Wednesday, October 27, 2010

Red, Green, Kaizen

Back at the beginning of September Kevin Rutherford tweeted:

‘Anyone know the Japanese for "red, green, refactor” ?’

Now as it happens I know a Japanese speaker very well. Red was easy “akai”. Green was a little tricky because the Japanese actually have two words for Green, “aoi” and “midori.” We went with midori.

Refactor was a little bit tricky. After all, there was no such word in the English language until Martin Fowler published Refactoring. Indeed, “refactor” still haven’t made it into my English dictionary.

My translator suggested the Japanese would probably stick with the English term so we got “akai, midori, Refactor.”

At which point Kevin asked: “akai, midori, kaizen?”

Its taken me a few weeks to have an in-depth conversation about this with my translator but it seems Kevlin is right.

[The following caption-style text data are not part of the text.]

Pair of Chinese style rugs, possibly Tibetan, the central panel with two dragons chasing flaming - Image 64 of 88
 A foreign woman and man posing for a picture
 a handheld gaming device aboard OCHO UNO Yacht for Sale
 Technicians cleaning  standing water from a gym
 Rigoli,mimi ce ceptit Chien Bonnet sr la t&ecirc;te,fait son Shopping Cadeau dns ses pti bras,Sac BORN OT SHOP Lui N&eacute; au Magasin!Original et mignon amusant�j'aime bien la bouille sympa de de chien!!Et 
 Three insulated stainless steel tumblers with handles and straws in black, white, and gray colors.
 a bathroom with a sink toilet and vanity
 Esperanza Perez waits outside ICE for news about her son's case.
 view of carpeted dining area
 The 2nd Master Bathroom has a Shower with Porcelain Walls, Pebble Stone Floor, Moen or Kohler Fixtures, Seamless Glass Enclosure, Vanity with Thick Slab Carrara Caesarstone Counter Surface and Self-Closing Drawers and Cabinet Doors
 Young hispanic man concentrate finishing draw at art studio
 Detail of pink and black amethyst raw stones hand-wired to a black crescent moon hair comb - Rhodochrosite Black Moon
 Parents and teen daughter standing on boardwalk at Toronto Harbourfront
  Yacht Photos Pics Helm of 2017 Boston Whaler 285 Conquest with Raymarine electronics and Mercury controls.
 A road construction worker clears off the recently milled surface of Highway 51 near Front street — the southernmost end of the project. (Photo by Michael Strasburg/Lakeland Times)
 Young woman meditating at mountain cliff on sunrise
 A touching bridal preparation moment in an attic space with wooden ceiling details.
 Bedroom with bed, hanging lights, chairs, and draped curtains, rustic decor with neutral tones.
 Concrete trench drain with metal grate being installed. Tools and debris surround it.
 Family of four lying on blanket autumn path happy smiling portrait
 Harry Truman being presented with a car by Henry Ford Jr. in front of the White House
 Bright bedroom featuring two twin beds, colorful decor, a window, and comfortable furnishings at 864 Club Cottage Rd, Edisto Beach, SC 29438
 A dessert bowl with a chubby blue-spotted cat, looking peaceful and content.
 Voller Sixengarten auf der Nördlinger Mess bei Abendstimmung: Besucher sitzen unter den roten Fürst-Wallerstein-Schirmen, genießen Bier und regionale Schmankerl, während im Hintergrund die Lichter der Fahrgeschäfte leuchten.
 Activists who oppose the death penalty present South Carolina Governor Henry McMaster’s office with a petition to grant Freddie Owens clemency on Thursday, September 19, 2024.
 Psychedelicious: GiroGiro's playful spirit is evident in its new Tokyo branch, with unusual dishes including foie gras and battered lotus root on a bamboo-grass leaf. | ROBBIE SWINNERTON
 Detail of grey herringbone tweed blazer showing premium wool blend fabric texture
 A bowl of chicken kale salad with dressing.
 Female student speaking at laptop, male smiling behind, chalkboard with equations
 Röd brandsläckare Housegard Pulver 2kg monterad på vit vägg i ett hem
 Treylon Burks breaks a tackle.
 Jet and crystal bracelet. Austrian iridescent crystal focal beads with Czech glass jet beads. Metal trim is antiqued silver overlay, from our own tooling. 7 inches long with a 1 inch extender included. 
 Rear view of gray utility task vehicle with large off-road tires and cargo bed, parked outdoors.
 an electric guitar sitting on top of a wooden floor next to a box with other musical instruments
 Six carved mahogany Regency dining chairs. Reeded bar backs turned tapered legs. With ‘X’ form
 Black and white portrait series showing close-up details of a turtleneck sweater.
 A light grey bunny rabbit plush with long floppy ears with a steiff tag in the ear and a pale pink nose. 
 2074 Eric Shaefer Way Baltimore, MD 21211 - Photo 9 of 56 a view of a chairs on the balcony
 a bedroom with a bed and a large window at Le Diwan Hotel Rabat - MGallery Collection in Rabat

Kaizen is actually two Japanese words:
Kai: change
Zen: good

So the net effect is: “to change [improve] for the good”

Which seems to sum up refactoring perfectly.

Now, any other Japanese speakers out there like to refactor?

And just a gentle reminder that Changing Software Development is now available in Japanese. My personal Japanese translator didn’t do this translation, it was handled by the Japanese publisher.

1 comment:

  1. The word "refactoring" predates Martin Fowler's book by a decade: Bill Opdyke and Ralph Johnson were using it in papers dating from 1990.